**Data shown:**
——
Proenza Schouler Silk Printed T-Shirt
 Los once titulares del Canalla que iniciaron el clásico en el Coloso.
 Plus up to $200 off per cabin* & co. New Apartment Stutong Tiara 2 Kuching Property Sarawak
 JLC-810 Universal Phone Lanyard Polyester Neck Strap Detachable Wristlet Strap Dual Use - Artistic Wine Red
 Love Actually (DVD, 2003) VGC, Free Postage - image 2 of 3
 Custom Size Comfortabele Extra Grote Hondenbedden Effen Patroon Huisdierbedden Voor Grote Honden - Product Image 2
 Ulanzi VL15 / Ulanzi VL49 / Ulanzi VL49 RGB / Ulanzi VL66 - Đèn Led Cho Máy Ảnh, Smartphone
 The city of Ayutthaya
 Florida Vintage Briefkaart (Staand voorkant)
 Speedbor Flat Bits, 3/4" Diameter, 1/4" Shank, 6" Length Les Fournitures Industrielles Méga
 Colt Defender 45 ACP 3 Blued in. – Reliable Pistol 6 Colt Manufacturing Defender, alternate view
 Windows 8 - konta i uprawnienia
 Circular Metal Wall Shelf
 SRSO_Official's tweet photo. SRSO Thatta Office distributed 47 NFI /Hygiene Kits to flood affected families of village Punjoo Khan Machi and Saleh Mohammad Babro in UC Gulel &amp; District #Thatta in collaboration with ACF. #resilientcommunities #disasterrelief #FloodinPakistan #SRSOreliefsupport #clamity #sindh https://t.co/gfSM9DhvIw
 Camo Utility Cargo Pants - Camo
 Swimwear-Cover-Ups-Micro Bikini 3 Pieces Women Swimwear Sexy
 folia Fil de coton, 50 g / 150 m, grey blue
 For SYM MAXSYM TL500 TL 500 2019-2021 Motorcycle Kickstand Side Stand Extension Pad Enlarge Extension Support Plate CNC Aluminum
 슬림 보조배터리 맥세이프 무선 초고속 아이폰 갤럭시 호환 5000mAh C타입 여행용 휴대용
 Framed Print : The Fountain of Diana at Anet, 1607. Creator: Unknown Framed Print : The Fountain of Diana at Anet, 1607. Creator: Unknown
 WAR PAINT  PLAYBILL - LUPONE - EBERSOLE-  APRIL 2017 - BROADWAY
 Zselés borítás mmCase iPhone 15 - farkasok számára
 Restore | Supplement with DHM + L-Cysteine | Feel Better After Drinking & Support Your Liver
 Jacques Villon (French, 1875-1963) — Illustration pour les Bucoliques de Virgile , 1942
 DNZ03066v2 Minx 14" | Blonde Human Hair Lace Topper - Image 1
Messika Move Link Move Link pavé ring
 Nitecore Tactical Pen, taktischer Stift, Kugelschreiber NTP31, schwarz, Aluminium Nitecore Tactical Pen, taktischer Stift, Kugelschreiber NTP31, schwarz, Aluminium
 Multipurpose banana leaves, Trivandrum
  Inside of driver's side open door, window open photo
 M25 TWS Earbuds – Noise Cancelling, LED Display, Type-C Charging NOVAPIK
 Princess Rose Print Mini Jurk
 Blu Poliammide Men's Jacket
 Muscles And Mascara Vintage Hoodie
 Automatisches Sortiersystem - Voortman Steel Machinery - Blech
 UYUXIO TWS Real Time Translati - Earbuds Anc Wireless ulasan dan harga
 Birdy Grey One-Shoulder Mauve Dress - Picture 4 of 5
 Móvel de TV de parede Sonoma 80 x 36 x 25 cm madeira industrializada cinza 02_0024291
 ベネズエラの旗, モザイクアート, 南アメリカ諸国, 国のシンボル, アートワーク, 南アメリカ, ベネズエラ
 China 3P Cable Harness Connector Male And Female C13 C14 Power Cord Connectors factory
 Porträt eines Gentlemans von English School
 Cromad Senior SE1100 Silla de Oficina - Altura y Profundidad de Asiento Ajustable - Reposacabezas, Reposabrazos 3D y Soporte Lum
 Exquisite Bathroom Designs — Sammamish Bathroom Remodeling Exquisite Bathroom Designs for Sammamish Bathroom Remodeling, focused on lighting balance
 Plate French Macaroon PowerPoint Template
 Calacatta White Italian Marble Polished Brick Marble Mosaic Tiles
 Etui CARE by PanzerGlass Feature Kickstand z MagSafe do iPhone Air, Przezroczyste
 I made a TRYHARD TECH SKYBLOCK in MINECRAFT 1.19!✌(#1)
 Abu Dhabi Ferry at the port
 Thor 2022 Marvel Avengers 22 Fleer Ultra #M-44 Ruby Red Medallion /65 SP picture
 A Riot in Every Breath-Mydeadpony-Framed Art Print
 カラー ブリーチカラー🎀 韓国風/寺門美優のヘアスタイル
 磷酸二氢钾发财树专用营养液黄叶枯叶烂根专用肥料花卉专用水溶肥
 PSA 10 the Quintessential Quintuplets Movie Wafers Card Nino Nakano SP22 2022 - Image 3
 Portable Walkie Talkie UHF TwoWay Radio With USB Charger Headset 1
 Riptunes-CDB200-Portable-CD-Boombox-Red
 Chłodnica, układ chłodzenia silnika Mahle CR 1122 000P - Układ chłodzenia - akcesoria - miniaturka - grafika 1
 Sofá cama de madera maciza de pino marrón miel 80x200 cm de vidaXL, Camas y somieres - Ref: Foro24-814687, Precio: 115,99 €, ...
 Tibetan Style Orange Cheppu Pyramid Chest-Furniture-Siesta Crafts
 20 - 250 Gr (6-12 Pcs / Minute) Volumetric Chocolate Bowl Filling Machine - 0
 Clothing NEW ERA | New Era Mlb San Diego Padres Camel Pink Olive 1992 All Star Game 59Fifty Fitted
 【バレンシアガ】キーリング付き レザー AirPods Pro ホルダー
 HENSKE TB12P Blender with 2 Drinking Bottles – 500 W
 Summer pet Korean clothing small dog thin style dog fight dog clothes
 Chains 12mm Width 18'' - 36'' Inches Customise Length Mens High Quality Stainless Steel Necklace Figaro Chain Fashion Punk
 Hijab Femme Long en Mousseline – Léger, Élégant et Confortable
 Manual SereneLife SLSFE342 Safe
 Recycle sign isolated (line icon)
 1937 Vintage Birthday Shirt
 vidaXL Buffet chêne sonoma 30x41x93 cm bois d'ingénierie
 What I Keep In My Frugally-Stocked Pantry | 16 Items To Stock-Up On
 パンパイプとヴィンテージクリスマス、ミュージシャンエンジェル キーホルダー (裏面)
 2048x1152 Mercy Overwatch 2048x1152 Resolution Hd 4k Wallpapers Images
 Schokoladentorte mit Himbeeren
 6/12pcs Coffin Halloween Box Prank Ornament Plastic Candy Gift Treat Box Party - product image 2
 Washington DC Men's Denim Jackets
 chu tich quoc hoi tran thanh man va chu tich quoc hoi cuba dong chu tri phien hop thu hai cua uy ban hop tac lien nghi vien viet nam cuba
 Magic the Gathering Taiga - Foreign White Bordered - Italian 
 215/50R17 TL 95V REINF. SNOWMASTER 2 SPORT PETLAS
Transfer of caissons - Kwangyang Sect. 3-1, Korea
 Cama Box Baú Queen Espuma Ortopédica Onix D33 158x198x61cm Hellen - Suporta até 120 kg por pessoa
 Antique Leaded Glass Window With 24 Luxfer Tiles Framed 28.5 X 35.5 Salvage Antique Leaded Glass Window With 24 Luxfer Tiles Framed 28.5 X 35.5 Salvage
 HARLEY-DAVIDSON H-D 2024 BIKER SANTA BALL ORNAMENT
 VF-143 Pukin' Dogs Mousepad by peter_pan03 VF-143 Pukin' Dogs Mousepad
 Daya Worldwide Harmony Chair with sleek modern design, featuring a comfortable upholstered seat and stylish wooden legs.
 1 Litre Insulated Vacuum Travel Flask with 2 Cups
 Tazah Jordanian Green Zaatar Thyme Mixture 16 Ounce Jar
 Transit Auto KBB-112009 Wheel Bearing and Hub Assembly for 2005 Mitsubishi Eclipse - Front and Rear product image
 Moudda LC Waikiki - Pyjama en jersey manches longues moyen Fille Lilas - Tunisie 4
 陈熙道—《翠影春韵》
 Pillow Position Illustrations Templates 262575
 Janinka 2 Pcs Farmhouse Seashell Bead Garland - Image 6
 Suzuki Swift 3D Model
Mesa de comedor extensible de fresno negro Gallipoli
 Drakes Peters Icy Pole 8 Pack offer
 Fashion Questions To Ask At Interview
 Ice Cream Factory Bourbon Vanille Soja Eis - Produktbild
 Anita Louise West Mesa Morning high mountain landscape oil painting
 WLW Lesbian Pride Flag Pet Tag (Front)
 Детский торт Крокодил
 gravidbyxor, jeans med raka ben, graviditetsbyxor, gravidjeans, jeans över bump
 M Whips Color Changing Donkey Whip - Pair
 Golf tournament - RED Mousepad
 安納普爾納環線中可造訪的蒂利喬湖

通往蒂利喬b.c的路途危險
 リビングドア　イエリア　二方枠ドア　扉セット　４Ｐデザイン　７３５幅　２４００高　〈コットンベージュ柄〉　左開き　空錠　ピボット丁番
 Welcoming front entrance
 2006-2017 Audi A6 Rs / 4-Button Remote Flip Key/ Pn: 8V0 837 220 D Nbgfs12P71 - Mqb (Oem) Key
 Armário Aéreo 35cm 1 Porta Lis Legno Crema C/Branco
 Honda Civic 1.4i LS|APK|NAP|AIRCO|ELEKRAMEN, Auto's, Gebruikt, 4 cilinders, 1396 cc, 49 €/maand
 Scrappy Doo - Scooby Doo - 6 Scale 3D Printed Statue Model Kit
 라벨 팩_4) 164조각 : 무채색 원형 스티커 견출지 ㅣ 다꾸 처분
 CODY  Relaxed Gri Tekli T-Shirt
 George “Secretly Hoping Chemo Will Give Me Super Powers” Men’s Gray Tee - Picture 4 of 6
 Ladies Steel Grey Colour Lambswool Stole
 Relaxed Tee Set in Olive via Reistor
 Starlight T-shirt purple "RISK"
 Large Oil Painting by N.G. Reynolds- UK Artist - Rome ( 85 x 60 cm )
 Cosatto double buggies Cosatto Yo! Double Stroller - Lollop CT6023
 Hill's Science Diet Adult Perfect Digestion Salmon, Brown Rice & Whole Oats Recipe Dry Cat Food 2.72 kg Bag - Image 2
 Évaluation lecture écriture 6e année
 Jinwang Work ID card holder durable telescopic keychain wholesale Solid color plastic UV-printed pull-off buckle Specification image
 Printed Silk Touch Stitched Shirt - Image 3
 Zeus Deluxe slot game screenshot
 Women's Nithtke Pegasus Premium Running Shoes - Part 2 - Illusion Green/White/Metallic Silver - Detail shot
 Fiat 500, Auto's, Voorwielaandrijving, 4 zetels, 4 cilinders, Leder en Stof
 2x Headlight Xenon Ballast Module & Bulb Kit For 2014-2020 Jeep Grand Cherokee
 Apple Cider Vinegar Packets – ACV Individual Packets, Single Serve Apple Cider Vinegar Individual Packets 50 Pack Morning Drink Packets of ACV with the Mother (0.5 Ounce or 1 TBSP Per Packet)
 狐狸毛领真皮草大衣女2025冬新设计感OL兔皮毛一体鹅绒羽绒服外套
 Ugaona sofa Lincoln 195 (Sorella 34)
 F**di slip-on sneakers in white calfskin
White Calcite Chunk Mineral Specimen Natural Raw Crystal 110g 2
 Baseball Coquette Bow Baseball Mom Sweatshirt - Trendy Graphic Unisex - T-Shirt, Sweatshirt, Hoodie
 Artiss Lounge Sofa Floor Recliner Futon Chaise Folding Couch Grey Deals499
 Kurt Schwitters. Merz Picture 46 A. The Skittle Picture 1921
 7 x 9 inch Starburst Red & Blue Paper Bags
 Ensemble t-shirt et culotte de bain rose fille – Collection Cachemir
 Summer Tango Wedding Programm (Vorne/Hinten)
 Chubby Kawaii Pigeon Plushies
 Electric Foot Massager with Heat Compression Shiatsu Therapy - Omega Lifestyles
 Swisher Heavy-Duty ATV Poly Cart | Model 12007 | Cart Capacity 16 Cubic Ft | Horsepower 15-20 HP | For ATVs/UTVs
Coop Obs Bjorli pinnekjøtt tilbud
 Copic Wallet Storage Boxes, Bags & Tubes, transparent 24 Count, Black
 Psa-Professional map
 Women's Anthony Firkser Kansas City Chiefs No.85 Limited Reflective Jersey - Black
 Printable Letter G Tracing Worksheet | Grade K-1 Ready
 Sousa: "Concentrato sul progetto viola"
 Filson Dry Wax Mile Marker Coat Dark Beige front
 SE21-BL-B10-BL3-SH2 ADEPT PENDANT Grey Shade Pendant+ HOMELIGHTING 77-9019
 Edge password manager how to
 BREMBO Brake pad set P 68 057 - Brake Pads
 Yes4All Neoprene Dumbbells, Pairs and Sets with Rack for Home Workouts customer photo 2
——
**What is required:**
Could you restate, word for word, the lines above from the one with "Welcoming front entrance" to the one with "Évaluation lecture écriture 6e année", both included?

**Final answer:**
 Welcoming front entrance
 2006-2017 Audi A6 Rs / 4-Button Remote Flip Key/ Pn: 8V0 837 220 D Nbgfs12P71 - Mqb (Oem) Key
 Armário Aéreo 35cm 1 Porta Lis Legno Crema C/Branco
 Honda Civic 1.4i LS|APK|NAP|AIRCO|ELEKRAMEN, Auto's, Gebruikt, 4 cilinders, 1396 cc, 49 €/maand
 Scrappy Doo - Scooby Doo - 6 Scale 3D Printed Statue Model Kit
 라벨 팩_4) 164조각 : 무채색 원형 스티커 견출지 ㅣ 다꾸 처분
 CODY  Relaxed Gri Tekli T-Shirt
 George “Secretly Hoping Chemo Will Give Me Super Powers” Men’s Gray Tee - Picture 4 of 6
 Ladies Steel Grey Colour Lambswool Stole
 Relaxed Tee Set in Olive via Reistor
 Starlight T-shirt purple "RISK"
 Large Oil Painting by N.G. Reynolds- UK Artist - Rome ( 85 x 60 cm )
 Cosatto double buggies Cosatto Yo! Double Stroller - Lollop CT6023
 Hill's Science Diet Adult Perfect Digestion Salmon, Brown Rice & Whole Oats Recipe Dry Cat Food 2.72 kg Bag - Image 2
 Évaluation lecture écriture 6e année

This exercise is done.